CHICK PEA AND CHOCOLATE DUMPLINGS.

Did you know that ancient Romans  – if poor – were not allowed to cook? Such was the danger of fires that the plebeians were expected to eat in a tavern rather than cook on a rickety brazier.

Italian farmers had basic cooking facilities until relatively modern times. Most food was cooked in a clay or copper pot over an open fireplace which was also the only heating system of the house. That’s why the Italian tradition is rich in fried sweets. They can be cooked easily and in amounts suitable for large families.

This is  a fabulous recipe from my friend Luana. The “cauciuni”  are fried dumplings that are prepared in Abruzzo for Christmas. The name probably means small “calzoni”- of the pizza variety -, but to us Italians it sounds like “big kicks”.

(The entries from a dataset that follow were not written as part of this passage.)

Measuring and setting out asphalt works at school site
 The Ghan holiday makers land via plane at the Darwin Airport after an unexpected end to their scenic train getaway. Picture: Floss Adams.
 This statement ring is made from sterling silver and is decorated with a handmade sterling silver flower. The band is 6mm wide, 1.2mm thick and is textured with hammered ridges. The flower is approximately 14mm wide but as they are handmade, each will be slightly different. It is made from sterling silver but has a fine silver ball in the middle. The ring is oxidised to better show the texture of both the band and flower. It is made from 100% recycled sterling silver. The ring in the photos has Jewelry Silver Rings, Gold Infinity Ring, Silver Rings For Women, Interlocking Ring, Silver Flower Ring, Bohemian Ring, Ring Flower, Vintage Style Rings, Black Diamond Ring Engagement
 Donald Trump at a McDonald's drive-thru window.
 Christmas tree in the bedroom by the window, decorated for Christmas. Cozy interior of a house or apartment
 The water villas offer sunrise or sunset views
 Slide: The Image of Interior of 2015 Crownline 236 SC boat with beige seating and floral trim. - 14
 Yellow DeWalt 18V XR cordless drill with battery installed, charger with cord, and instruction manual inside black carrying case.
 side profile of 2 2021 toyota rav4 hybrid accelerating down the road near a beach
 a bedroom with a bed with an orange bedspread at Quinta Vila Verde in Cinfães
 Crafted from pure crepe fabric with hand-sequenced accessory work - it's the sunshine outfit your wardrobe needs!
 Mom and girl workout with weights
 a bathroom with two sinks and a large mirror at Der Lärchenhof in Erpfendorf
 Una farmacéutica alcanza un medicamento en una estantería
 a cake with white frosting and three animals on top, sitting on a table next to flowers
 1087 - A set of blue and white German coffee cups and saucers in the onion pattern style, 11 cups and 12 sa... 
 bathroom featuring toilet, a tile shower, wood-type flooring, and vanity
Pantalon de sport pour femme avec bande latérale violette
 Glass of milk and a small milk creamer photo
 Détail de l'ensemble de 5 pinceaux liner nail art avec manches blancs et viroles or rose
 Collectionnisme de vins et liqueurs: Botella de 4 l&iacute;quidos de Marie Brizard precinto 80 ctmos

The filling is a relatively extravagant concoction combining the peasant beans and nuts with the noble coffee and chocolate. Unlike real life, the combination of social strata works very well.

Recipe

Dough

  • 350 gr (3 cups plus one tablespoon) all-purpose flour
  • 50 gr (1/4 cup) sugar
  • 25 gr (1/8 cup) unsalted butter
  • 1 teaspoon baking powder
  • 2 eggs
  • 1/4 cup sweet wine, brandy or cognac

Filling

  • 200 gr (7 ounces) cooked garbanzo beans, mashed
  • 50 gr (1/4 cup) sugar
  • 100 gr (3 ounces) dark chocolate
  • 1 teaspoon coffee powder
  • 1/2 teaspoon cinnamon
  • 2 teaspoon sweet wine
  • 100 gr ( 3 ounces) toasted almond
  • 2 egg yolks

Make the dough in a food processor as explained for fresh pasta. Alternatively mix ingredients by hand in a large bowl, then turn the dough out onto a lightly floured surface and knead, adding more flour if necessary, until smooth and elastic, about 10 minutes. Place the dough on a table, and flatten it  with a rolling pin until it is about 3 mm cm (1/8 inch) thin. Cut it into 5 cm (2 inch) disks. Knead the leftover dough, roll it again and cut more disks until all dough is used.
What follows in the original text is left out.